While Sen. Tom Cotton (R-Ark.) filed a bill to block federal funding from schools that teach the 1619 Project, his effort went nowhere in Congress. Yet Republicans in five states have stepped up, filing bills to combat the destructive ideology of the 1619 Project on the state level.
Republican lawmakers have filed bills to stop the 1619 Project from invading schools in Arkansas (H.B. 1231), Iowa (H.F. 222), Mississippi (S.B. 2538), Missouri (H.B. 952), and South Dakota (H.B. 1158). These bills would cut funding to K-12 schools and colleges that use a curriculum based on the 1619 Project.
The South Dakota bill aims “to prohibit the use of curricular materials that promote racial divisiveness and displace historical understanding with ideology.”

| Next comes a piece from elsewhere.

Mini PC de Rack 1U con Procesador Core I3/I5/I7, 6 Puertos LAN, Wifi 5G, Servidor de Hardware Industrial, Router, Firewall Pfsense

Indeed, the 1619 Project twists American history along the lines of Marxist critical race theory, reframing many aspects of American life as rooted in race-based slavery and oppression, including capitalism, the consumption of sugar, and America’s rejection of 100 percent government-funded health care. The project goes right to the heart of America, featuring graphics crossing out “July 4, 1776” and replacing the founding date with “August 20, 1619.”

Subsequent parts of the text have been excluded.